Step 5: Bike Storage
I installed some bike hooks in our building for us and our neighbors to keep our commuter bikes but I didn't feel comfortable leaving my nice, new road bike down in the common area as we'd had some problems with theft. In our space constrained abode, I decided to add a regular bike hook (see detail shot) to my IKEA expedit unit (are you noticing a trend) using a few heavy duty command grips on the back. Note: these are the type that are sticky on both sides, not the version that acts like velcro. My bike was safely tucked out of the way and was easy to take out for a ride and put back.
Updated as a response to some of the comments: I made sure the weight of the bike was still mostly on the bottom wheel and not the hook itself, as you can see in the photo. You can do this by setting the bike next to the unit you're planning to add the hook to and marking with tape or a pencil line where the top wheel naturally touches the vertical surface where the hook will be mounted while the bottom wheel is resting on the ground. From there, line up the bike hook so the natural resting place is the same for where the hook is placed and you should be set!
Step 6: Organizing Workout Clothes
This one is tucked into a closet but shows how to make better use when you are space constrained. My husband and I shared one closet that was the size of a single, standard door. To maximize this space, I installed a simple horizontal shelf using scrap plywood from other projects (and believe me, this was functional and sturdy but not aesthetically pleasing since I knew no one, not even us, would see this) to make vertical supports and a horizontal shelf. I then found simple rubbermaid bins to keep my athletic clothes organized and out-of-the-way below our hanging clothes and above the laundry basket.
Awful photo, but awfully useful idea. (Sorry for that :-P)
Step 7: Espresso Island
Without enough counter space in our kitchen, I looked to other solutions for important appliances that we wanted to use often. I ended up making 'Espresso Island' using a prefab sideboard. This had room for the espresso machine, our stacked, colorful cups, and little wire racks that had room for the beans and other accessories. The bottom shelves also had a mini wine rack and room for other kitchen appliances. Pretty handy addition to our kitchen. We also really liked that it allowed for more vertical storage without feeling massive in the kitchen.
Step 8: Additional Kitchen Storage
This IKEA bookcase has taken on many purposes and fit nicely next to the refrigerator in our kitchen. A simple milk crate fit inside to collect recycling and we used the other shelves for cookbooks, our reusable grocery bags, and other helpful kitchen supplies. Nice to have a place to store these things to keep them from being left out in the open.

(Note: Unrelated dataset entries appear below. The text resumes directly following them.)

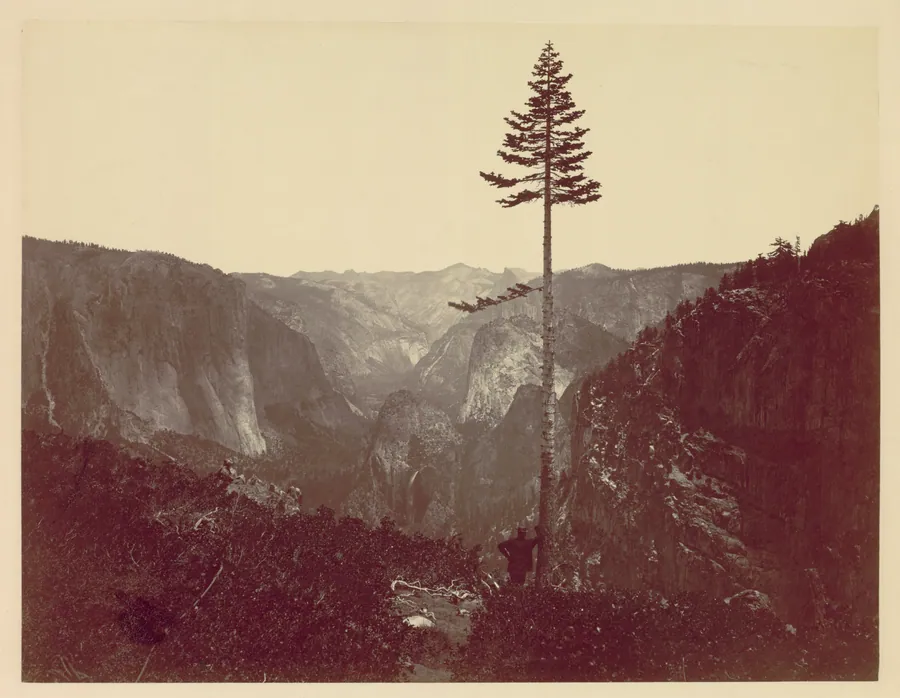 Yosemite Valley from Mariposa Trail by Charles Leander Weed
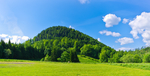 高山树林风景图片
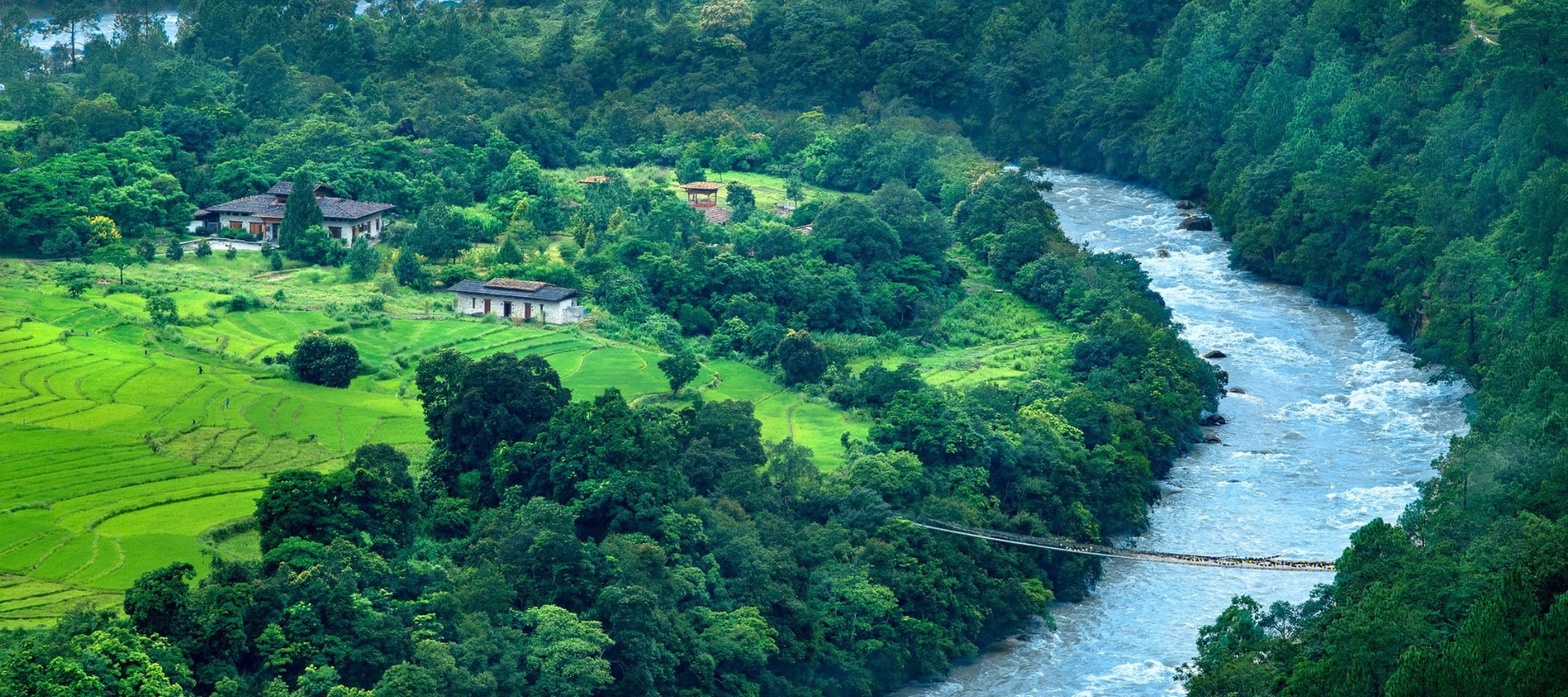 A lush green landscape featuring a river meandering through the scenery. Traditional buildings are situated near the water, surrounded by dense vegetation and rice fields, with a rope bridge crossing the river.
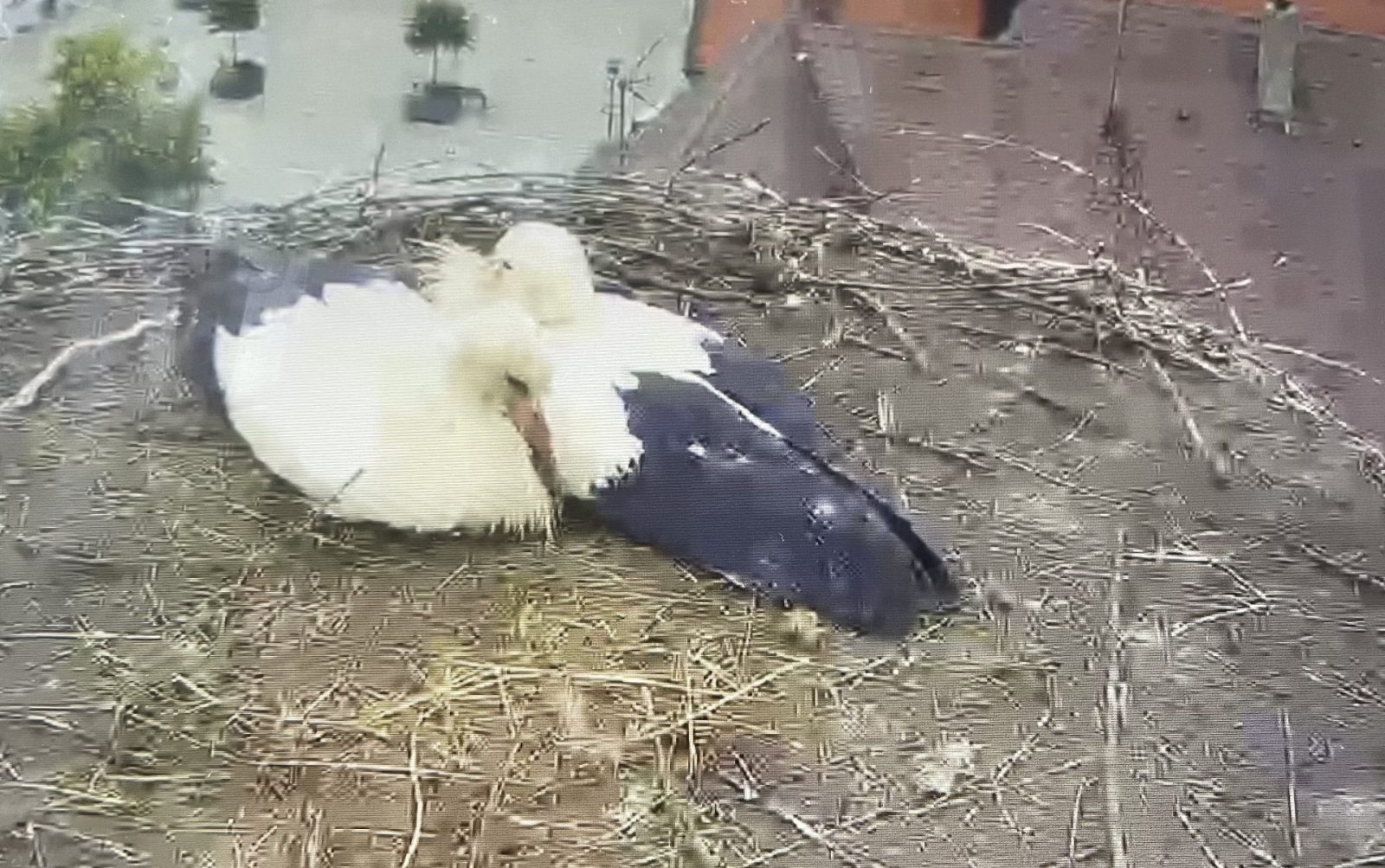 FEB69BC8-646A-45B9-81A7-828D3FD9EF85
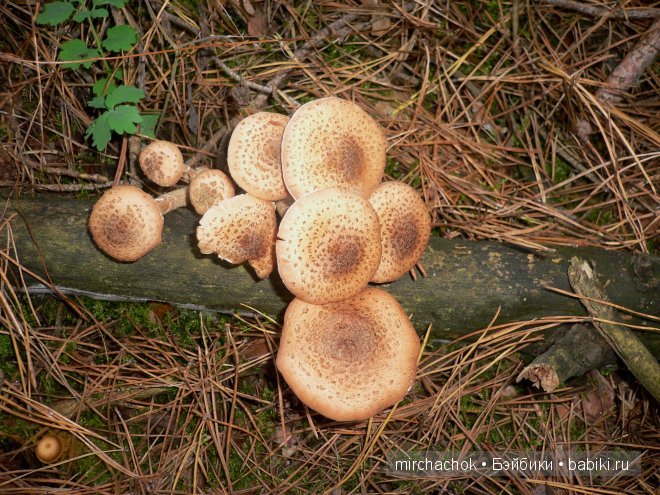 Красота... какая она — Болталка и разговоры обо всем: жизнь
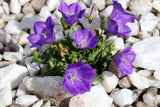 1000 TUSSOCK BELLFLOWER (Carpathian Bellflower) Campanula Carpatica Flower Seeds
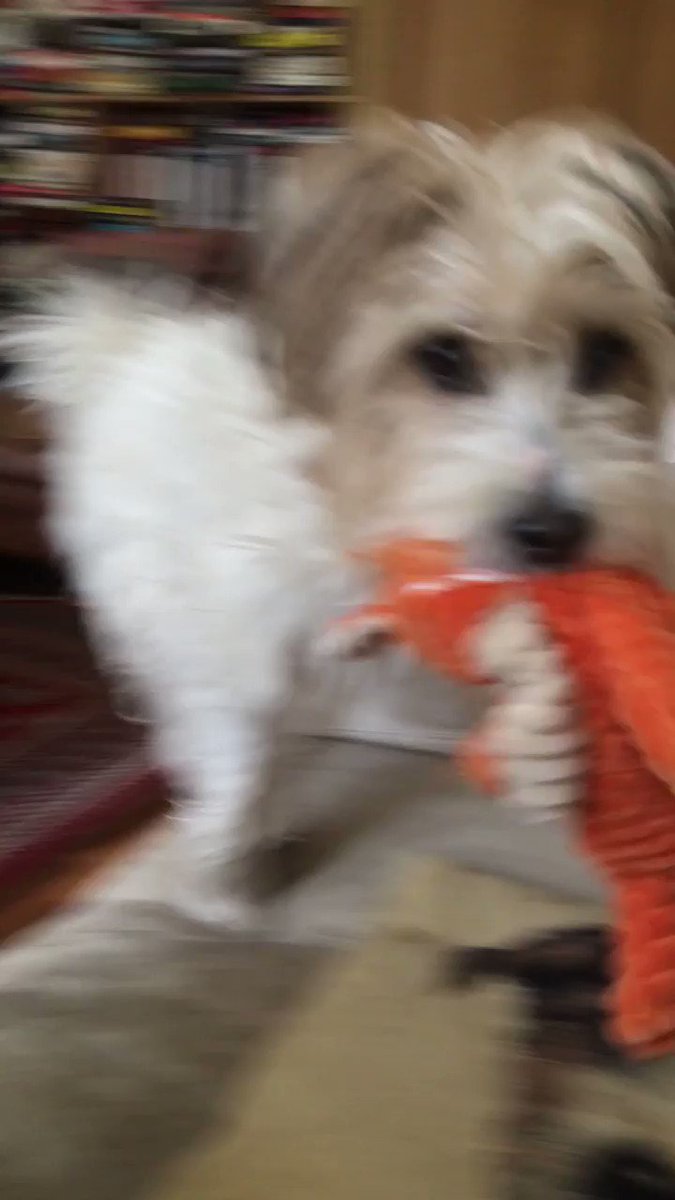 Attack Of The Killer Muppet. Watch for the moment IT lunges, fangs drooling.... https://t.co/oKgFuS654Q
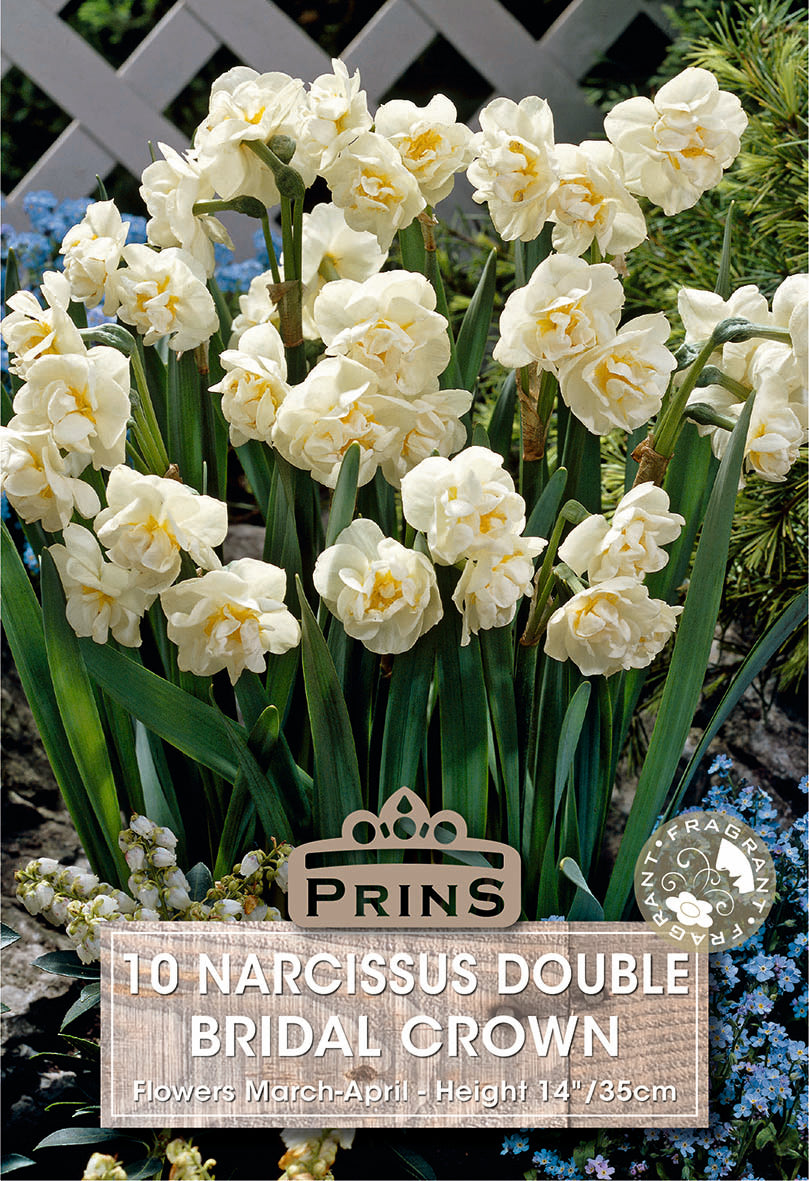 Narcissus Bridal Crown 10 Per Pack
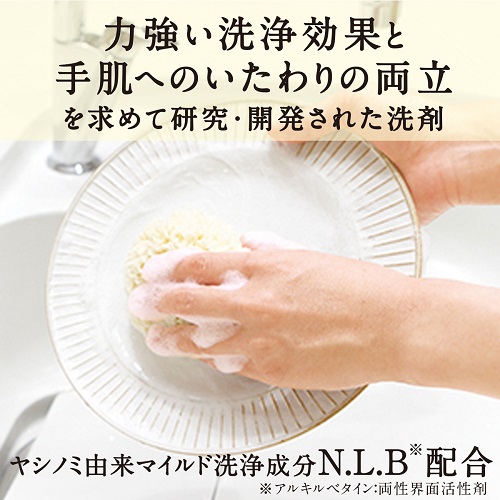 サラヤ　中性洗剤　ヤシノミ洗剤　10kg×2箱　八角B.I.B.【取り寄せ商品・即納不可】_1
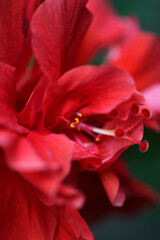 A detailed macro photo of a red hibiscus flower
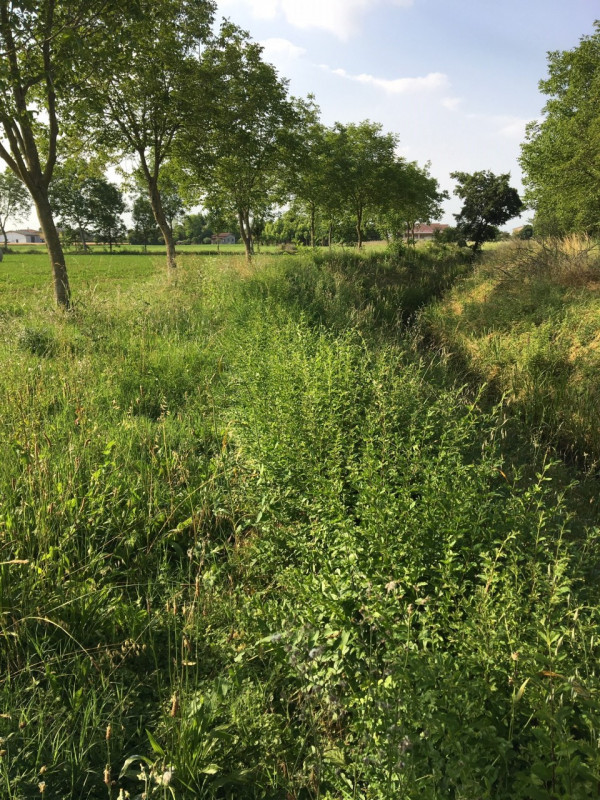 Immagine 4 di Terreno in vendita  in via conselvana a Masera' Di Padova
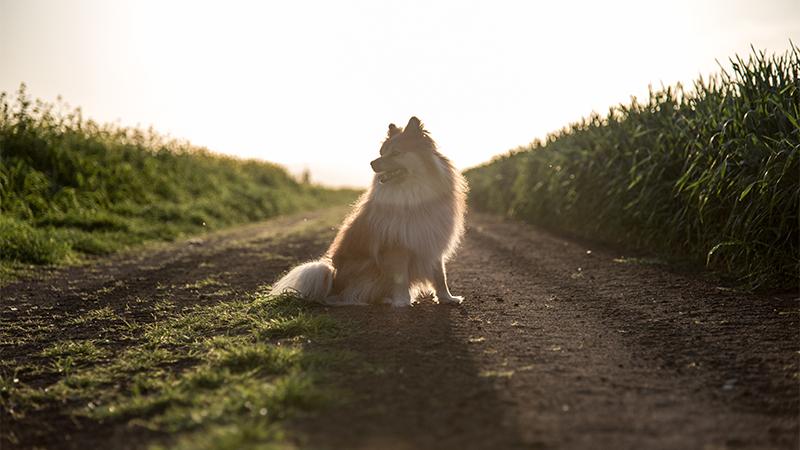 Confused Pup Didn’t Know Owner Was Abandoning Her, Waits 10 Years for His Return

Step 9: CNC* Milled Chair With Storage
I made a set of a dozen chairs in three different shapes. The inside is open with room for simple storage. We often kept our baseball gloves in here since they were an awkward shape for many other places.
*CNC stands for computer numerical control for those who are just learning :-)
What other great things have you done to make use of a great space with less-than-awesome storage?